:: Given records ::

· · · · ·

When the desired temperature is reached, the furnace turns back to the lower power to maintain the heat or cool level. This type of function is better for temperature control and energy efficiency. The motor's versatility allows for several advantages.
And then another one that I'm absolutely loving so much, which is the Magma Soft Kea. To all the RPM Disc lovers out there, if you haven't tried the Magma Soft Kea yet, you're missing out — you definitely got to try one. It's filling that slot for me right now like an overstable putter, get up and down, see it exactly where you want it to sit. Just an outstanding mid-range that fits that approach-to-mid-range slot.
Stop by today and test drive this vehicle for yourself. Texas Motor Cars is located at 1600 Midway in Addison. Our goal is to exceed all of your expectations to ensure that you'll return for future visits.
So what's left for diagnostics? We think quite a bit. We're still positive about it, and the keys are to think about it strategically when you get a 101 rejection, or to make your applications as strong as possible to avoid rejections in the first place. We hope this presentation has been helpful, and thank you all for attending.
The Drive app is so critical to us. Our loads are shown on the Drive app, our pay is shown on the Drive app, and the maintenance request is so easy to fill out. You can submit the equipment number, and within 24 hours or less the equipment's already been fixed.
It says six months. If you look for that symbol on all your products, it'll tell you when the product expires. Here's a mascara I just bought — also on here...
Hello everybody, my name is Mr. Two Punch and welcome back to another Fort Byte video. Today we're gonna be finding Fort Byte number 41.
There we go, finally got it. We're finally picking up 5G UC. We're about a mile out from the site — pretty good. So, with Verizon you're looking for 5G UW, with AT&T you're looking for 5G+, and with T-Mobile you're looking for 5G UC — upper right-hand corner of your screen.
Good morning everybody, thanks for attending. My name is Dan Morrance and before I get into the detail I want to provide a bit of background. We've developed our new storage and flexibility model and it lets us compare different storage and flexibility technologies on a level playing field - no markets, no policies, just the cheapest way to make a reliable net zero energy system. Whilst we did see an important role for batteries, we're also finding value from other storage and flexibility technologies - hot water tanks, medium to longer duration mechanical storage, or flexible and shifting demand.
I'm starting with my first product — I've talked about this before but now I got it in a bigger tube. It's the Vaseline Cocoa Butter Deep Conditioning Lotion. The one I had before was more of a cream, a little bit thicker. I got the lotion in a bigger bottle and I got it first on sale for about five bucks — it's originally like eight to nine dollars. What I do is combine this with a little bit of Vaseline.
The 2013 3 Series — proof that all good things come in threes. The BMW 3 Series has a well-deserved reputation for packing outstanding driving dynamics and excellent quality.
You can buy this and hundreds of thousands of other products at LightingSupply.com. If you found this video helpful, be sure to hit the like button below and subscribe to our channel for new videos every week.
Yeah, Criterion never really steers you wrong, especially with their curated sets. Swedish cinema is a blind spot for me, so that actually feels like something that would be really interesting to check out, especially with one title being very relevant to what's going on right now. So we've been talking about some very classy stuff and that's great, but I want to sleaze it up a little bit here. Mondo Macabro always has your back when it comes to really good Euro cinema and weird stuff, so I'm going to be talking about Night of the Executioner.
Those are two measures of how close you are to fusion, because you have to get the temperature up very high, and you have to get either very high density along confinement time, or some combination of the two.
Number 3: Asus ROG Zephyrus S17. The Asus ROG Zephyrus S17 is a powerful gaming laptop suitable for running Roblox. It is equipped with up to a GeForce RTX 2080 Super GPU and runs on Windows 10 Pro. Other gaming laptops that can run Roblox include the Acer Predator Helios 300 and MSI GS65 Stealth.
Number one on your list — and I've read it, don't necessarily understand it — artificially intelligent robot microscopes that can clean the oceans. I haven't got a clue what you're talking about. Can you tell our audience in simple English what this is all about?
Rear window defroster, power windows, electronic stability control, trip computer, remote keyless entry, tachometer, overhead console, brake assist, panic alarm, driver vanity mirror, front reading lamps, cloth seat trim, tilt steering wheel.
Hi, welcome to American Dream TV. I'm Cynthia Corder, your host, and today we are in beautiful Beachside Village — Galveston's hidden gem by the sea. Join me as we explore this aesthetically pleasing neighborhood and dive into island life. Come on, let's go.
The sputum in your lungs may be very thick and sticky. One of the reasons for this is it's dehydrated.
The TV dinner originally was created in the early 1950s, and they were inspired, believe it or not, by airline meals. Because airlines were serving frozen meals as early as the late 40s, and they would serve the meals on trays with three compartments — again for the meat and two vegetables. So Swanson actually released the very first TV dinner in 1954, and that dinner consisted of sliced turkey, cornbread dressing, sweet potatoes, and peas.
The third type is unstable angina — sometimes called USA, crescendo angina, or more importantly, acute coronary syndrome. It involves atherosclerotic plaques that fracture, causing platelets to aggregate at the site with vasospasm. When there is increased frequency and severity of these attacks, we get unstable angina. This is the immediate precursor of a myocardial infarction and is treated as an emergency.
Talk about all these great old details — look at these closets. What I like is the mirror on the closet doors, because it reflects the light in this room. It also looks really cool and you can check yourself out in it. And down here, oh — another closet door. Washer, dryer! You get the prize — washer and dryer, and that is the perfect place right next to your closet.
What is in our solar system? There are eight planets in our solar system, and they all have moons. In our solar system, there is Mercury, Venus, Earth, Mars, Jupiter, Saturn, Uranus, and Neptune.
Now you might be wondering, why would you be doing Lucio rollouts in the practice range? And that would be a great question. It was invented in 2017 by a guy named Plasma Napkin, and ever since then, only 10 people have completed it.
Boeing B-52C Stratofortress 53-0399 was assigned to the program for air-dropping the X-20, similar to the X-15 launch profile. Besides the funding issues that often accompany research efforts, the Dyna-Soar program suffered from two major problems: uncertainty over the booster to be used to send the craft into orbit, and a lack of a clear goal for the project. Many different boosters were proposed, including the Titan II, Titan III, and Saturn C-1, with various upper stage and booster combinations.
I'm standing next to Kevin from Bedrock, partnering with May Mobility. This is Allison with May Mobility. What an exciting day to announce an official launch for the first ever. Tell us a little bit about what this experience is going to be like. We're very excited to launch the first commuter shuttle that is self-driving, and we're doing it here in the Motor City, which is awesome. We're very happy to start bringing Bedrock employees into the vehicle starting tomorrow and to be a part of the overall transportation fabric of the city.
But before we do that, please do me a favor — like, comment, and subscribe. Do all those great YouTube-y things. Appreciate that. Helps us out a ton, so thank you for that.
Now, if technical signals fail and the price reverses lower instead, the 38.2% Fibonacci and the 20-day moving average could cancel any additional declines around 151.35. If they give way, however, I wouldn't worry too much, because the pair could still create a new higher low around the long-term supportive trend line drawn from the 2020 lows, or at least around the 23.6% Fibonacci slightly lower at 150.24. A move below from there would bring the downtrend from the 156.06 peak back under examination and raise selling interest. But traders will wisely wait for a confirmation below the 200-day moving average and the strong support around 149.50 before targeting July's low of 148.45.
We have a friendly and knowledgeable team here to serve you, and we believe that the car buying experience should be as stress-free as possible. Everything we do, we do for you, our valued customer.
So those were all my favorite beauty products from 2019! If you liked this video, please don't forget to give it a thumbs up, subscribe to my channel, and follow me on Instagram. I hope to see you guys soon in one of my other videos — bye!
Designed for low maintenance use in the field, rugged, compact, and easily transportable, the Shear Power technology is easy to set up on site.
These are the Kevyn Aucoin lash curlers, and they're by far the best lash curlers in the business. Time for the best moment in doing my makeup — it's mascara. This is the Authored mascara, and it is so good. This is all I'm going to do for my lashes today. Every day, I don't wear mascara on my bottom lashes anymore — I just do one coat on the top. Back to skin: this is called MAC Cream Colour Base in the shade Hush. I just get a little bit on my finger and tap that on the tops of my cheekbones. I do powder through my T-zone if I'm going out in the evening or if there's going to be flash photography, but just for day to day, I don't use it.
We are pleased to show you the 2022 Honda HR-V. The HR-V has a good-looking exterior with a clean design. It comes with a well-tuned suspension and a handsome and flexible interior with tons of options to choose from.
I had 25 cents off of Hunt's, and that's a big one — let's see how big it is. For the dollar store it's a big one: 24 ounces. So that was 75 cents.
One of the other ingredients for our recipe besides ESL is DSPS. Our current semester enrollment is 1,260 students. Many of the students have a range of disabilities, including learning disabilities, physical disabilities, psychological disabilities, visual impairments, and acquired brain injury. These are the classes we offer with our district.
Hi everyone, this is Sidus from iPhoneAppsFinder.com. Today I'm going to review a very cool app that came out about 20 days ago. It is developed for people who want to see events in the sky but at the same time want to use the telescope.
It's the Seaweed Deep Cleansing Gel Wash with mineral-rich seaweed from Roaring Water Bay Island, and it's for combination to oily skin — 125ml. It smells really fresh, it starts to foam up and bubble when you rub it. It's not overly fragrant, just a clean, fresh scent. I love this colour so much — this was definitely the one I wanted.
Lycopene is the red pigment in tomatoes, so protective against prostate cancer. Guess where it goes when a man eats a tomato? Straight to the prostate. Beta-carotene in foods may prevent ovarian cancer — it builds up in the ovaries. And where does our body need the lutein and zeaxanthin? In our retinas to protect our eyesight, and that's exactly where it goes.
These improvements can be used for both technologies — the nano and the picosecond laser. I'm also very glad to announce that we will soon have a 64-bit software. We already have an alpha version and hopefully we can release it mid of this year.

· · · · ·

:: Work to be completed ::
Your task is to find each line in the entries that contains the string "first" and copy it.

:: Answer to the exercise ::
So what's left for diagnostics? We think quite a bit. We're still positive about it, and the keys are to think about it strategically when you get a 101 rejection, or to make your applications as strong as possible to avoid rejections in the first place. We hope this presentation has been helpful, and thank you all for attending.
I'm starting with my first product — I've talked about this before but now I got it in a bigger tube. It's the Vaseline Cocoa Butter Deep Conditioning Lotion. The one I had before was more of a cream, a little bit thicker. I got the lotion in a bigger bottle and I got it first on sale for about five bucks — it's originally like eight to nine dollars. What I do is combine this with a little bit of Vaseline.
The TV dinner originally was created in the early 1950s, and they were inspired, believe it or not, by airline meals. Because airlines were serving frozen meals as early as the late 40s, and they would serve the meals on trays with three compartments — again for the meat and two vegetables. So Swanson actually released the very first TV dinner in 1954, and that dinner consisted of sliced turkey, cornbread dressing, sweet potatoes, and peas.
I'm standing next to Kevin from Bedrock, partnering with May Mobility. This is Allison with May Mobility. What an exciting day to announce an official launch for the first ever. Tell us a little bit about what this experience is going to be like. We're very excited to launch the first commuter shuttle that is self-driving, and we're doing it here in the Motor City, which is awesome. We're very happy to start bringing Bedrock employees into the vehicle starting tomorrow and to be a part of the overall transportation fabric of the city.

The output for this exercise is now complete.